Very nice shots! I am wondering about your flash diffuser... very nice lighting!


----------



## kyrontf (Oct 15, 2011)

Thanks, all.

The lens I'm using is a Tamron 90mm f/2.8 macro.  My lighting setup consists of the built-in flash and a diffuser inspired by a design using a foam plate I saw on orionmystery's DIY diffuser page.  I used some plastic from an old container instead and roughened up the surface with sandpaper.  It attaches where the lens hood normally would.  Here's a picture of the setup (apologies for the bad lighting!):






@WildDog22:
Shutter speed is my flash sync of 1/160.  I often go for f/11 for macro when I'm using the flash, though it depends on the DoF I'm trying to get.  I think all these fly pictures were done with that.


----------



## Netskimmer (Oct 15, 2011)

Beautiful pics!
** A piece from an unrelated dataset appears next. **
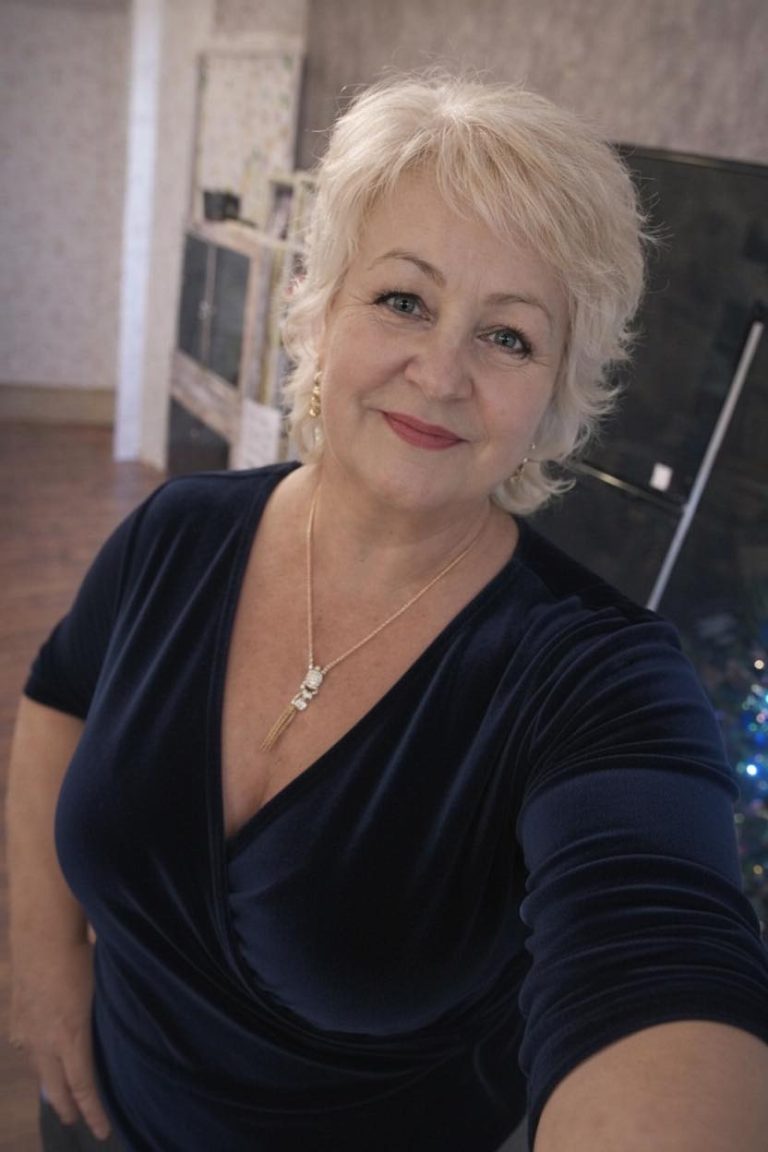 W wieku 54 lat zamieszkałam z mężczyzną, którego znałam zaledwie od kilku miesięcy, aby nie niepokoić córki, ale wkrótce przydarzyło mi się coś strasznego i bardzo tego żałowałam😢😲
I really love that diffuser.


----------



## dxqcanada (Oct 15, 2011)

Great diffuser ... I have to build something like that.

Which SLT is that ... A33, A35, or A55 ?


----------



## kyrontf (Oct 15, 2011)

Thanks  Netskimmer, dxqcanada. 



dxqcanada said:


> Great diffuser ... I have to build something like that.
> 
> Which SLT is that ... A33, A35, or A55 ?



They're very simple to make.  I had a heck of a time cutting the plastic on mine though.  :lmao:  If you do build one and find another material that works for you, please let me know!  I'm still experimenting with different ones.  More opaque plastics (I tried some bucket lids) seem to give more diffused, warmer results.  They eat up more of the flash power though, so not good with the built-in.  I have the Sony A35.


----------



## WildDog22 (Oct 16, 2011)

I'm up for having a go at it too.  I need to use a slightly different line of attack tho' because my 5DII has no built-in flash.The intention is to build a sleeve which slides over my 580EX and then expand to a sagging funnel that (possibly) drops down to lean on the front of the lens.The outer is intended to be 5 or 6mm foamcore, lined with alfoil.  The diffuser, planned to be about 150mm x 200mm will use some thin translucent mylar sheet (about the same thickness as good quality photo paper (200GSM).Wish me luck - may take a week or so (not enough FC on hand), but I'll post a report and pic of the finished construct.


----------



## WildDog22 (Oct 16, 2011)

kyrontf said:


> Thanks  Netskimmer, dxqcanada.
> 
> 
> 
> ...



I've produced a totally different version (for an external Canon 580EX II) that uses a funnel like system with a diffuser panel over the end of the lens.
My diffuser is a light weight material called "Vilene" - used in dressmaking as a stiffener.  I've used it before for a 500mm square light box.
It works very well, colour temp is good, and it's not too dense, so gives more illumination over the subject.
You could try cutting out a central area (leaving a suitable stiffening rim on your existing model), then taping a piece of vilene across the opening to produce a soft, but bright illumination.
What do you think?


----------



## kyrontf (Oct 16, 2011)

WildDog22 said:


> I'm up for having a go at it too.  I need to use a slightly different line of attack tho' because my 5DII has no built-in flash.The intention is to build a sleeve which slides over my 580EX and then expand to a sagging funnel that (possibly) drops down to lean on the front of the lens.The outer is intended to be 5 or 6mm foamcore, lined with alfoil.  The diffuser, planned to be about 150mm x 200mm will use some thin translucent mylar sheet (about the same thickness as good quality photo paper (200GSM).Wish me luck - may take a week or so (not enough FC on hand), but I'll post a report and pic of the finished construct.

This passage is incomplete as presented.